Hugh H. Obear, of Washington, D. C. (James A. Reed, Robert J. Ingraham, and Burr S. Stottle, all of Kansas City, Mo., on the brief), for appellee.

Before GARDNER, JOHNSEN, and RIDDICK, Circuit Judges.

JOHNSEN, Circuit Judge.

This case involves an application of the principles which have been set out in No. 12,793, In re Kansas City Journal-Post Co. (Bostian v. Shapiro), 8 Cir., 144 F.2d 812, decided concurrently herewith, and which need not be repeated here.

The question is whether Newman, president of the bankrupt corporation, had a substantial adverse claim to $75,900 withdrawn by him from the corporation's bank account some time before the bankruptcy, so that he could not, except with his consent, be made subject to a turnover order in summary proceedings. Newman had objected to the summary jurisdiction of the referee and had set out in his response the matters which he contended made him an adverse claimant. A hearing was held, and evidence was adduced.1 The referee found that Newman was withholding the funds "without the slightest color of title", and entered a turnover order against him. The District Court set aside the order "for want of jurisdiction in the referee to make the order in a summary proceeding." See 51 F.Supp. 1009, 1018, 1019.

As indicated in our opinions in Nos. 12,791 and 12,793, the evidence showed that, some months before the bankruptcy, Newman had made a contract, in his own name as agent, with General Properties Co., Inc., for the purchase of the secured bonds, some unsecured notes and the capital stock of the insolvent Kansas City Journal-Post Company. Newman later formally assigned the contract to Morris Schapiro,2 but both he and Schapiro claimed that the actual arrangement between them was that Schapiro was to take everything under the contract except the capital stock, and that Newman was to have the stock. General Properties, which was a Henry L. Doherty family-corporation, had been anxious for some time to get rid of its newspaper interest and was willing to take a radical discount on Doherty's investment, but it still desired to see the newspaper kept going as long as possible. The contract was accordingly made to contain a provision that, in addition to the $100,000 which was to be paid direct to General Properties, the purchaser, as "part consideration for the transfer of said stock, bonds and notes," should "contemporaneously with the delivery of said securities and payment therefor * * * cause to be paid into the Kansas City Journal-Post Company $100,000 additional cash working capital and the furnishing of said additional working capital is a condition precedent." It was further provided that for this $100,000 capital addition the purchaser was to be issued 500 new shares of stock.

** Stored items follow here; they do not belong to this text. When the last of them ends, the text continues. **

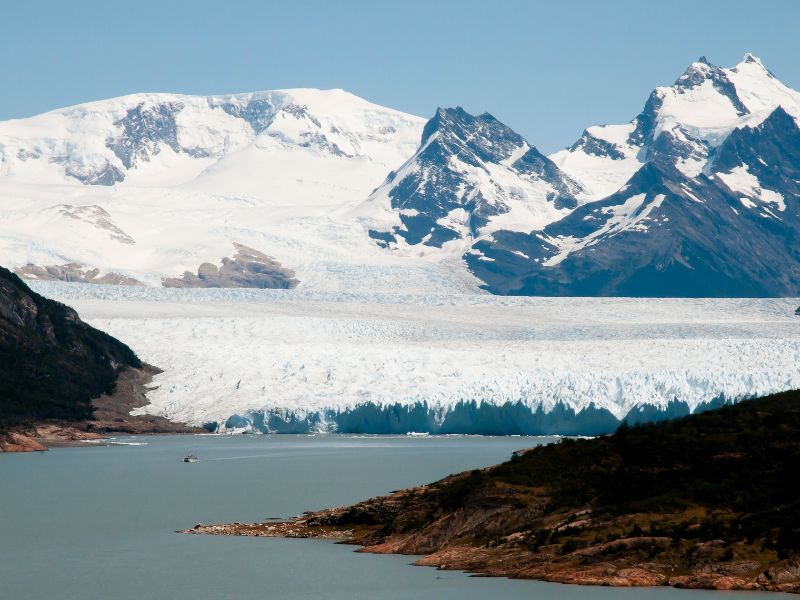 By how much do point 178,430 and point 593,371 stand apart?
29.4 m

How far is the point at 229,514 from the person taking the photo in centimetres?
5162

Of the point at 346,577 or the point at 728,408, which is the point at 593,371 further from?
the point at 346,577

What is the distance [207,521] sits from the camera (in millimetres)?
49625

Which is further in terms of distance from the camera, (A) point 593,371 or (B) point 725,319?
(B) point 725,319

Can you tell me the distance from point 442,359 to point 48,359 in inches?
1224

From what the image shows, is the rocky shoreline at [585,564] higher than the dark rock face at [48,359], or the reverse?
the dark rock face at [48,359]

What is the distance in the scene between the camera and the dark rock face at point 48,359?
353ft

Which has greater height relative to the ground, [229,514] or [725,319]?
[725,319]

In form, the contract was a written offer by General Properties to sell, with a notation of acceptance by Newman as agent, which declared that the offer was accepted upon the condition3 that, at the time of the payment of the money and the delivery of the securities, there also should be delivered to the purchaser an assignment of the International Paper Company's account against the insolvent corporation in the sum of $240,663.98 and accrued interest. Newman collaborated with the General Properties' representative in attempting to obtain the assignment, but International Paper refused to give it except upon certain conditions which Newman declared were unacceptable. The offer had provided that time was of the essence, and, on the date agreed upon for performance, the parties got together, and General Properties delivered to Schapiro's attorney the bonds, the notes and the certificates of capital stock assigned in blank, and Schapiro's attorney turned over to General Properties a cashier's check for $100,000 endorsed payable to its order and another cashier's check for $100,000 endorsed payable to the order of the newspaper corporation. There was also delivered to Schapiro's attorney a certificate in his name as agent, for the 500 new shares of stock which were to be issued for the $100,000 capital addition.

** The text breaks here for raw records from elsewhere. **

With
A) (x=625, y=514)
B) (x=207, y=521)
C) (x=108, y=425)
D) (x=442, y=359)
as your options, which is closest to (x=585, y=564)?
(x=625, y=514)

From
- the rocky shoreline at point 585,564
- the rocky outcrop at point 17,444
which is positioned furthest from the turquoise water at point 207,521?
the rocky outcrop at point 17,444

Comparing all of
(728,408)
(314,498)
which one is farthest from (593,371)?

Newman was then elected president of the newspaper corporation, and General Properties turned over to the corporation the $100,000 cashier's check for which the 500 new shares of stock had been issued. The board of directors of the corporation by resolution authorized Newman to open an account with the funds in a local bank in the corporation's name and, as president, to draw checks on the account. The account was opened on the bank's records as a general checking account of the corporation. Within three hours after the opening of the account, Newman drew a check on it for $24,000 in favor of Schapiro's attorney, covering the amount which he and Schapiro claimed it had been agreed between them that Newman was to pay for the capital stock. Within a few days thereafter, Newman drew another check on the account for $75,000 in favor of the bank4 and had the bank issue New York drafts therefor payable to his own order. Out of the proceeds of these drafts, he purchased some eastern real estate and paid off a mortgage on some other property. Later he drew another check for $900 to his own order and received the cash. The corporation thus was left with only $100 of the $100,000 in its bank account at the time involuntary bankruptcy was instituted. It is the $75,900 which Newman personally received from these withdrawals and appropriated that is the subject of this summary proceeding.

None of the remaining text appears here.